Richard Clarke, former anti-terrorism czar for both the Bush and Clinton administrations, is preparing a threat analysis of the proposed marine transport of liquefied natural gas (LNG) through Narragansett Bay, said Rhode Island Attorney General Patrick C. Lynch. The U.S. Coast Guard has requested a copy of the analysis, which is due to be completed by mid-April.

Two regional LNG plans currently under consideration by the Federal Energy Regulatory Commission call for supertankers, 930 feet long and carrying volumes of up to 33 million gallons of LNG, to hug the shoreline of more than a dozen of Rhode Island communities and travel into the densely populated areas of Providence, RI, and Fall River, MA, Lynch said. He noted that the commandant of the Coast Guard requested a copy of the analysis in a recent letter.

“This is the first time that the top brass of the Coast Guard, which would be charged with the…responsibility of protecting the public from the dangers of LNG supertankers [traveling] up and down Rhode Island waters…, has expressed an interest in what we’ve been saying,” he noted.

Clarke wrote a tell-all book, Against all Enemies, last year in which he alleged that “al Qaeda operatives had been infiltrating Boston by coming in on LNG tankers from Algeria” apparently prior to the terrorist attacks in the United States on Sept. 11, 2001. He testified about the allegations before the 911 Commission last March (see NGI, March 29, 2004).

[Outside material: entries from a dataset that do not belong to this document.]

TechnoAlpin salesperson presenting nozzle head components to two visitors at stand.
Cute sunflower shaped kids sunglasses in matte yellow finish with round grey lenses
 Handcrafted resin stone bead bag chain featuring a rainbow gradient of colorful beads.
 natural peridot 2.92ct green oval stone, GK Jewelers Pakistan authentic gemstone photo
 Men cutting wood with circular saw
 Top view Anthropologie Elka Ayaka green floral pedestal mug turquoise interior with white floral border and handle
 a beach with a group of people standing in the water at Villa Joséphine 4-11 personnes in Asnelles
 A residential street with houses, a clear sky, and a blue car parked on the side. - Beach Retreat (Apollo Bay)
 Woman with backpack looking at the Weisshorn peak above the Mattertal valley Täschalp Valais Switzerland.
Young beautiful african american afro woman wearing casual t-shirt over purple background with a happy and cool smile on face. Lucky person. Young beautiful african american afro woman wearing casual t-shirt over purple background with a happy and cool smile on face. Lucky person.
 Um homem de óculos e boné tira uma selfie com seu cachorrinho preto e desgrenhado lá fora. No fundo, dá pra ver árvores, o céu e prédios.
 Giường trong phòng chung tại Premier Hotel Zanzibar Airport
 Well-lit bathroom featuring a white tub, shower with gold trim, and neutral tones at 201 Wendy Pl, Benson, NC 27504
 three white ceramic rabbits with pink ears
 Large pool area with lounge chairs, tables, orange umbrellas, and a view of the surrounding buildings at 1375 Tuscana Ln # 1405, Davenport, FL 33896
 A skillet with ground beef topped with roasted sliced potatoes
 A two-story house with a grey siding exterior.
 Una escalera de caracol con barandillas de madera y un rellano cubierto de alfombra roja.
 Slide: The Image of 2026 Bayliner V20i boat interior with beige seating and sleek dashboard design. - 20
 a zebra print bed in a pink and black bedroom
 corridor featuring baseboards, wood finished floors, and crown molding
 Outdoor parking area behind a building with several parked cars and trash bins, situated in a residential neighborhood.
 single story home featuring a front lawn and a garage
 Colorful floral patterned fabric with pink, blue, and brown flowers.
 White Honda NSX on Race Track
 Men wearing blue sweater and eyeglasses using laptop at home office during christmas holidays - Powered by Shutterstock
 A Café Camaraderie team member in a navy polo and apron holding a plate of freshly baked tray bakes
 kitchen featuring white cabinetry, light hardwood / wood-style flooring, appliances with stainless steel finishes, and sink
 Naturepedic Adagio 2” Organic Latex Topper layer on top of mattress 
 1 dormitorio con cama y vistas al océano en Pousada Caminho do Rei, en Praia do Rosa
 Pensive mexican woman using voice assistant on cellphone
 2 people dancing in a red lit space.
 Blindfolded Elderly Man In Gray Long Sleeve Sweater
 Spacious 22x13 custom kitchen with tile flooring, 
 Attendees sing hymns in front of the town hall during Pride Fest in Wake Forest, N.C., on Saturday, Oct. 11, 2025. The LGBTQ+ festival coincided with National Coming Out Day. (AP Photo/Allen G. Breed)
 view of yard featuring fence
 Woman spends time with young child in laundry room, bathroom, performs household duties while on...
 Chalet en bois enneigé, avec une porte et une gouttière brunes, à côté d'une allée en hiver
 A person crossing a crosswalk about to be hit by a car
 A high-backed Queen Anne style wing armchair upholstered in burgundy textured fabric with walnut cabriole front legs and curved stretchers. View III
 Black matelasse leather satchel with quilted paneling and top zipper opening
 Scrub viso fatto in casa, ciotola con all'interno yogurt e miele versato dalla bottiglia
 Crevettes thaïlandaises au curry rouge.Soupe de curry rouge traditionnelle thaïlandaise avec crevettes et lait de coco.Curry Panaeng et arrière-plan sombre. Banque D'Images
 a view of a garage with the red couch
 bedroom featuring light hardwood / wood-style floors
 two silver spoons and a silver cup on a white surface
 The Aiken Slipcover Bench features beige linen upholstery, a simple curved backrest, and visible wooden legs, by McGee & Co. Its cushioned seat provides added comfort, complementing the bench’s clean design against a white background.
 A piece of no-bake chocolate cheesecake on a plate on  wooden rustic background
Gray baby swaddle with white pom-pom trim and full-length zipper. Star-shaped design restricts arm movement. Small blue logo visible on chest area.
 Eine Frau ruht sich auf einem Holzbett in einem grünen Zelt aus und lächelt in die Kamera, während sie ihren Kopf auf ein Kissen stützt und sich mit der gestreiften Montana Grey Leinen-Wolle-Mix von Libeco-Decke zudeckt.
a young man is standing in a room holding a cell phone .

Clarke is analyzing the risks of transporting LNG to KeySpan LNG’s proposed 525 MMcf/d LNG import terminal in Providence, as well as to Weaver’s Cove Energy’s proposed LNG terminal in Fall River, which would have an average vaporization capacity of 400 MMcf/d and peak-day capacity of 800 MMcf/d. The in-service date for the KeySpan LNG project initially was to be November of this year, while the Weaver’s Cove terminal is due to begin operation in November 2007.